I should also stipulate here that when \(i = j\), \(v_{j|i} = 0\). In addition, I’m slightly abusing conditional probability-style notation to indicate that the affinities are not symmetric: \(v_{j|i} \ne v_{i|j}\), because \(\beta_i\) and \(\beta_j\) are different.
We use a point-wise normalization to define a probability, \(p_{j|i}\):
\[ p_{j|i} = \frac{v_{j|i}}{\sum_{k} v_{k|i}} \]
The Shannon Entropy, \(H_U\), of the probability distribution with perplexity \(U\) is:
\[ H_U = -\sum_{j} p_{j|i} \log p_{j|i} \]
where \(H_U\) is measured in nats, due to the use of natural logarithms. The dimensionless quantity perplexity, \(U\), often interpreted as an effective number of neighbors, is:
\[ U = \exp(H_U) \]
Lee and co-workers show that, assuming the data is uniformly distributed, the relationship between the precision, perplexity and the correlation dimension around point \(i\), \(\delta_{i, U}\), is:
\[ U \propto \beta_i^{-\left(\delta_{i, U} / 2 \right)} \]
If the local uniformity assumption holds up and over a scale range where the effective dimension is approximately constant, then a log-log plot of the perplexity against the precision for multiple perplexities should be approximately linear and the gradient would be \(-\delta_{i, U}/2\).
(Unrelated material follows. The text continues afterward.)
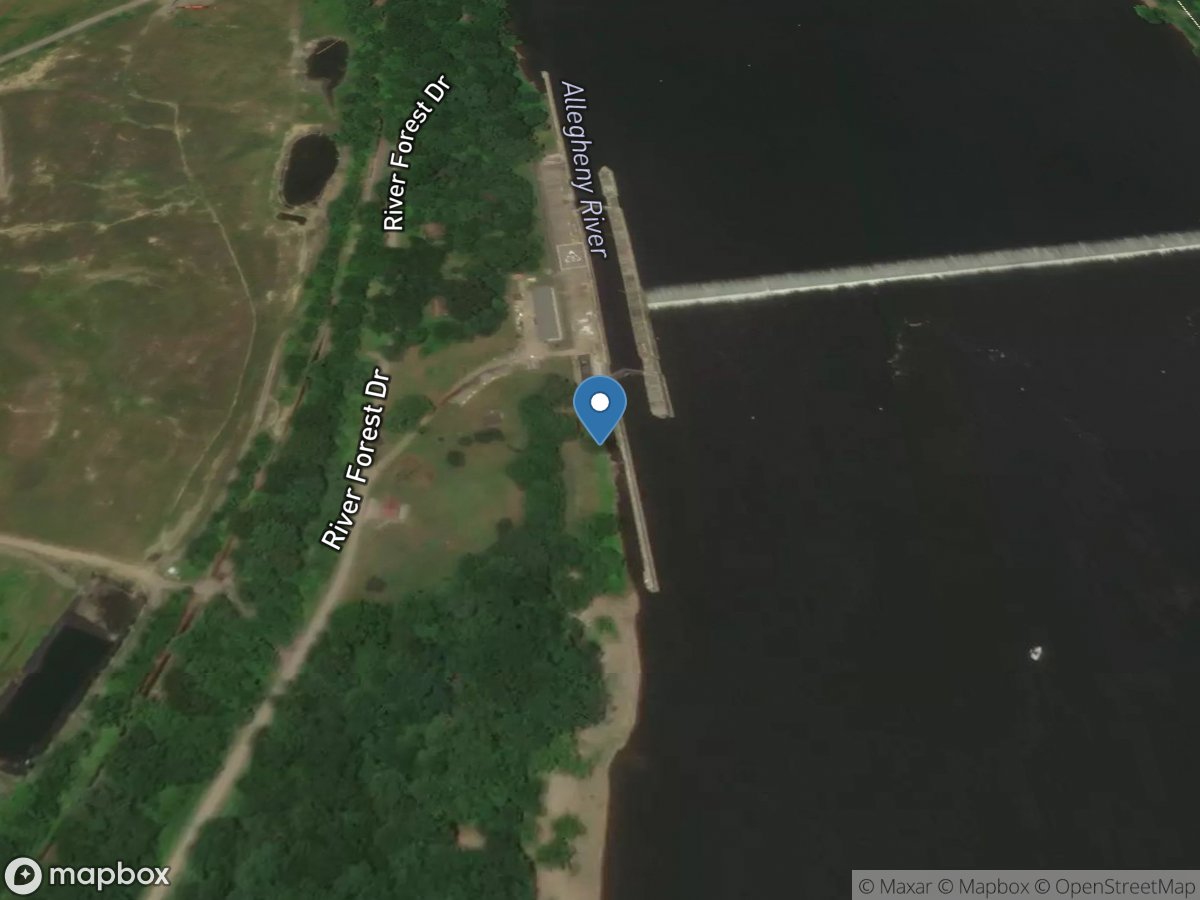 Allegheny River below Lock & Dam 6 at Clinton, PA location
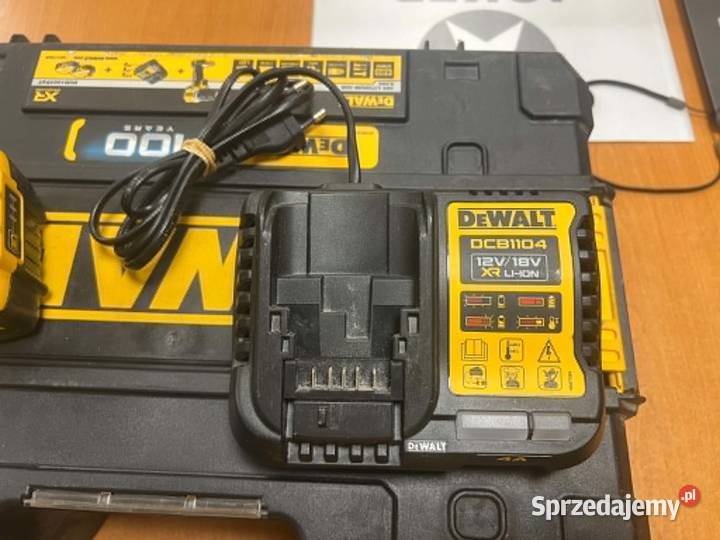 Zestaw WiertarkoWkrętarka DeWalt DCD100Y warmińsko-mazurskie Elbląg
9 May 2026: A basic sketch of why this relationship is expected to hold is: suppose the data are locally uniform in \(d\) Euclidean dimensions. The volume of a thin radial shell between radius \(r\) and \(r + dr\) is proportional to \(r^{d-1}dr\). If we introduce \(E=r^2\) (a pretty standard change of variables when working with Gaussian functions) then since \(dr = dE/(2\sqrt{E})\) the radial volume is proportional to \(E^{\frac{d}{2}-1}dE\).
In an idealized continuum model, if points are locally uniformly distributed and sampled with probability proportional to a Gaussian weighting, the density of the sampled \(E\) is proportional to the product of the geometry (the volume element above) and the weight, so \(p(E) \propto E^{\frac{d}{2}-1} \exp (-\beta E)\).
The Gamma distribution is defined as:
\[ f(x) \propto x^{k - 1} \exp (-\lambda x) \]
where \(k\) is the shape parameter and \(\lambda\) is the rate parameter. So under Gaussian weighting the squared distances follow a Gamma distribution with shape parameter \(d/2\) and rate parameter \(\beta\).
The variance of the Gamma distribution is defined as \(k/\lambda^2\) so
\[ \operatorname{Var}(E) = \frac{d/2}{\beta^2} = \frac{d}{2\beta^2} \]
then solving for \(d\):
\[ d = 2\beta^2\operatorname{Var}(E) \]
So for a continuum model, the Gaussian-weighted variance of the squared distances recovers the local dimension.
I’ve been careful to talk about an idealized continuum model here. In the real t-SNE setting we only have finite samples, so this becomes an approximation. Note that we are assuming the data is locally uniform and we use a Gaussian probability on nearby points and the metric space behaves like Euclidean space.
The important thing about the metric space is a local volume growth law: the volume of a ball of radius \(r\) should scale proportionally to \(r^d\). This is true for other Minkowski metrics (e.g. Chebyshev, Manhattan).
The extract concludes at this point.